This week starts out with everyone, either by choice or circumstance, isolated from the one they love. Yana from Yuki; Sachi from Hiro (and Hiro from Sachi); Kakeru from Touka. For a good chunk of the episode, everyone is alone, and they don’t seem too happy about it, whatever side of the relationships they happen to be on. Last week we tripped. This week we come down.
It’s the most extreme example yet of how all the events and emotions of the summer so far have conspired to pull the circle of friends apart. The episode had a monastic, cleansing feel to it, as if this was a time for solitude and reflection. During this time, many characters devise ways of reconnecting through various barriers or filters, meeting varying degrees of success.
First up is Kakeru, who is stuck at home listening to his mom play that same damn song we’ve heard a million times. Enough already, play something else! Not that his folks are any more human when they’re trying to talk with him about his future, making sure to get in a dig about how they both knew exactly what they were going to do at his age.
Kakeru can’t hear the fragments anymore. Apparently unable to contact her in any other way, he comes by Touka’s house, and they talk between glass. What a difference a day makes…when the girl you like has a traumatic vision of you being a bit too forward for her taste. Not that it’s Kakeru’s fault that she saw that, but it clearly shook her, and she refuses to return the art room with him. She’s not ready.

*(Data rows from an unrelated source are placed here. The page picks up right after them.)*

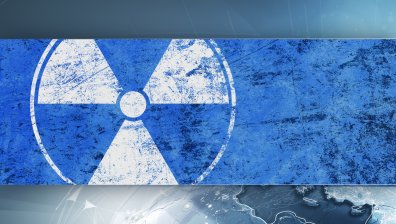 Радиация над България е поредната фалшива новина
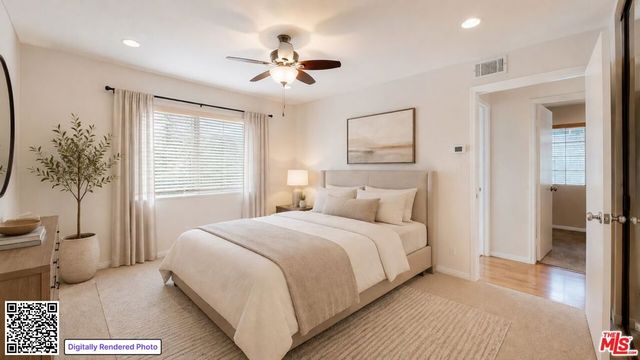 25774 Nashua Way, Valencia, CA 91355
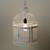 Lamp_Pendant_BirdCage_Wh_ON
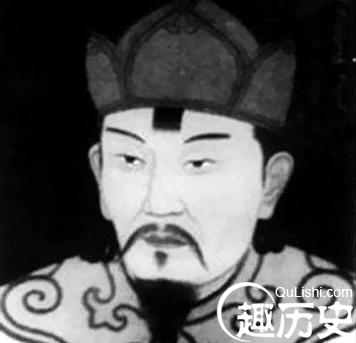 林丹汗：清太宗爱新觉罗皇太极生平最大的劲敌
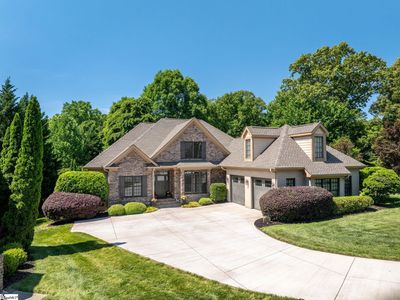 32 Arbor Glen Ct
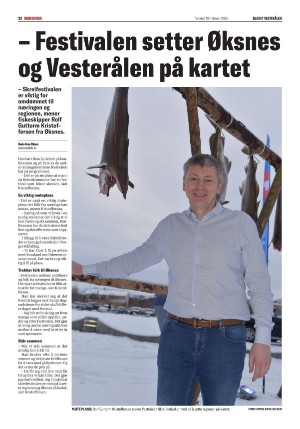 bladetvesteralen_bil-20260219_000_00_00_022.pdf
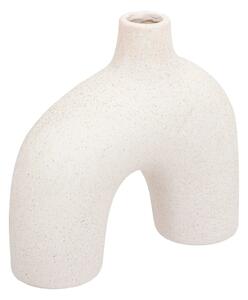 Ваза atmosphera Asy, 18 cm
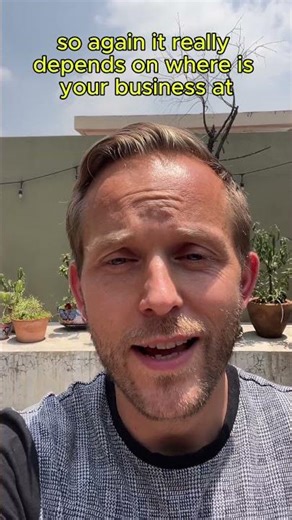 Shopify vs WooCommerce — Which Should You Use? 🛒⚖️ #ShopifyVsWooCommerce #Shopify #WooCommerce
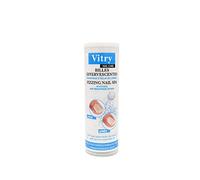Vitry Whitening Pebbles Box, VSOGALET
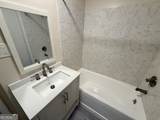 1010 Wesley Park Drive - Photo 13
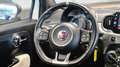 Fiat 500 500 1.2 Sport *Tempomat*Teil-Leder*AHK*PDC* Weiß - thumbnail 17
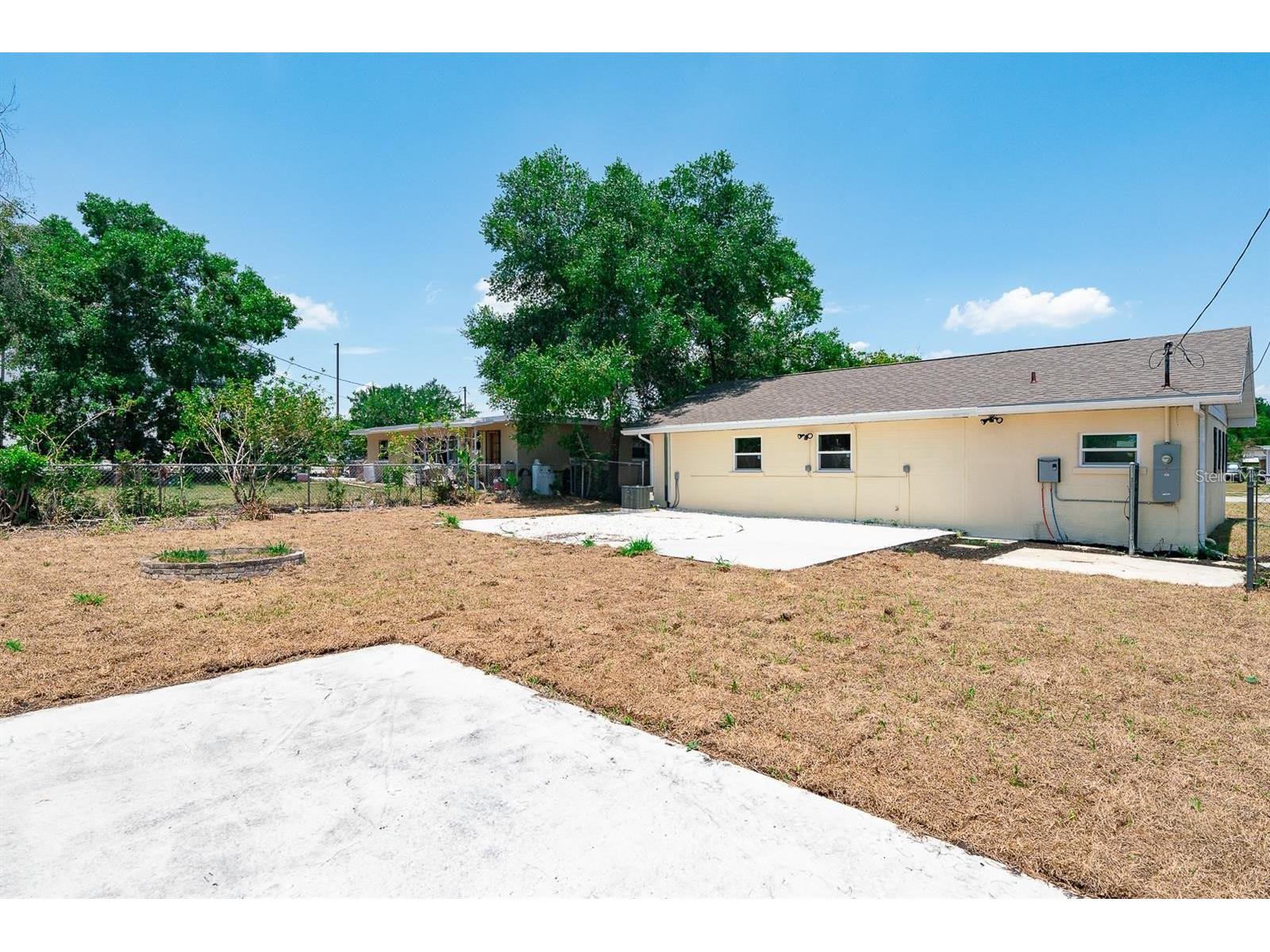 1132 Carlton Avenue Lake Wales FL 33853 S5141229 image25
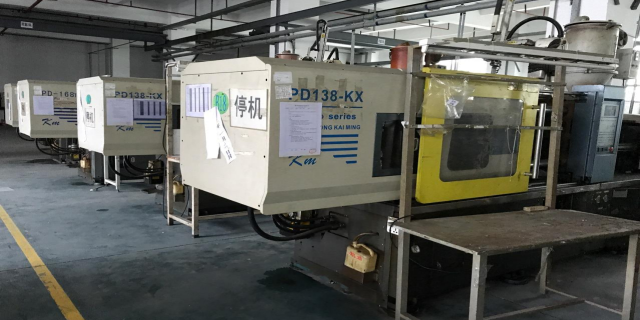 深圳专业废旧机械设备回收联系方式,废旧机械设备回收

Yuki escaped for track camp not just to get back into some kind of routine, but to get away from Touka, who he liked far too much for someone who didn’t like him back, and away from the awkwardness with Yana, as well. Yana treats his unannounced absence as a challenge, and runs his route everyday, sending him rather poetic texts about the weather and other observations.
At camp, Yuki is not necessarily improving, his knees hurt, and he’s still full of doubt. But as desperate and melancholy as these texts first seemed as Yana sent them, not expecting a reply and not getting one, Yuki breaks radio silence when Yana reports clear skies, while it’s dreary and raining where he is.
Yana isn’t even sure what she’s doing or why, and yet they make Yuki happy and relaxed. The juxtapositions during their beautiful phone conversation are very apropos: Yuki may be under the clouds, but Yana is a ray of sunshine peeking through via cell phone. Yuki says he’ll be home soon; possibly tomorrow. It would seem Yana got what she wanted…but what’s next for them?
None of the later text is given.